### About this task
If a line contains "234 High Ridge", it is the last one to write out; begin with the first line of the records and copy each exactly.

### Study material
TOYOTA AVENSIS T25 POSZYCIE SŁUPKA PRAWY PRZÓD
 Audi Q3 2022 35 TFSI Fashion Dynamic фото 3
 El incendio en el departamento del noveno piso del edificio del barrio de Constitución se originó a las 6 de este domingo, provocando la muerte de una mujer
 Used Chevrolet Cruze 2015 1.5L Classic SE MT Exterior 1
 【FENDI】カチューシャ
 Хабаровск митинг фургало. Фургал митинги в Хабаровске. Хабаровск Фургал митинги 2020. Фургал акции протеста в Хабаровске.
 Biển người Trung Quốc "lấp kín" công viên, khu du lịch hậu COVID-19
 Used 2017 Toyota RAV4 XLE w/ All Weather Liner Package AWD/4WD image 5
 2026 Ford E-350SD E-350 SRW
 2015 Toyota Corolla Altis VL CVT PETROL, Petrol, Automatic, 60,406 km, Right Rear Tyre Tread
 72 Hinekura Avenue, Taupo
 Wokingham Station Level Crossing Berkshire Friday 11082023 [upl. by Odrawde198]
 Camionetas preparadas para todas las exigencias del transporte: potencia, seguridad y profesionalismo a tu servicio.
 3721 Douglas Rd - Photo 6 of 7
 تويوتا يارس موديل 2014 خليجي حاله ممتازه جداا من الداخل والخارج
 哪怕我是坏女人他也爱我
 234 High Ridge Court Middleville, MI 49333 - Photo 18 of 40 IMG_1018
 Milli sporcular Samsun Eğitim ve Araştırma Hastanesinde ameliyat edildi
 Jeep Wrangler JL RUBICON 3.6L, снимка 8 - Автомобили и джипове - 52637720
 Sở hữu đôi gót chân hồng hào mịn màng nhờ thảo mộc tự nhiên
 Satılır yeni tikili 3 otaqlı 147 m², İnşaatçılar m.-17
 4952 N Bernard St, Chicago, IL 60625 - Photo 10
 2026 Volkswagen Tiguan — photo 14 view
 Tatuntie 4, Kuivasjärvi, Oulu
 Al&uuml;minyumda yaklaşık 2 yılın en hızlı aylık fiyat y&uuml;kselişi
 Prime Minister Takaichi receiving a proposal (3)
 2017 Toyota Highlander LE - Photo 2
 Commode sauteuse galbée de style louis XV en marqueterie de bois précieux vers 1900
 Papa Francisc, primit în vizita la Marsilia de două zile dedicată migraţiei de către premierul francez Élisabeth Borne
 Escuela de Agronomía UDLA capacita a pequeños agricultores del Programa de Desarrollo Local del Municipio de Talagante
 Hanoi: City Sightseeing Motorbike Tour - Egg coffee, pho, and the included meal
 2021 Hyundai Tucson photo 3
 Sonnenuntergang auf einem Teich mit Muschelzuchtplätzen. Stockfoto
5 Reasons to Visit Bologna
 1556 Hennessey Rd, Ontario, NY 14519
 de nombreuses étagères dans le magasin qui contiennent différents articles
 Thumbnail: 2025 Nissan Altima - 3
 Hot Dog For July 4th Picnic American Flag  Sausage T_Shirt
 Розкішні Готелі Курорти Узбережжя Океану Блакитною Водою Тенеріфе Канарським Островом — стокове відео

### Solution to this task
TOYOTA AVENSIS T25 POSZYCIE SŁUPKA PRAWY PRZÓD
 Audi Q3 2022 35 TFSI Fashion Dynamic фото 3
 El incendio en el departamento del noveno piso del edificio del barrio de Constitución se originó a las 6 de este domingo, provocando la muerte de una mujer
 Used Chevrolet Cruze 2015 1.5L Classic SE MT Exterior 1
 【FENDI】カチューシャ
 Хабаровск митинг фургало. Фургал митинги в Хабаровске. Хабаровск Фургал митинги 2020. Фургал акции протеста в Хабаровске.
 Biển người Trung Quốc "lấp kín" công viên, khu du lịch hậu COVID-19
 Used 2017 Toyota RAV4 XLE w/ All Weather Liner Package AWD/4WD image 5
 2026 Ford E-350SD E-350 SRW
 2015 Toyota Corolla Altis VL CVT PETROL, Petrol, Automatic, 60,406 km, Right Rear Tyre Tread
 72 Hinekura Avenue, Taupo
 Wokingham Station Level Crossing Berkshire Friday 11082023 [upl. by Odrawde198]
 Camionetas preparadas para todas las exigencias del transporte: potencia, seguridad y profesionalismo a tu servicio.
 3721 Douglas Rd - Photo 6 of 7
 تويوتا يارس موديل 2014 خليجي حاله ممتازه جداا من الداخل والخارج
 哪怕我是坏女人他也爱我
 234 High Ridge Court Middleville, MI 49333 - Photo 18 of 40 IMG_1018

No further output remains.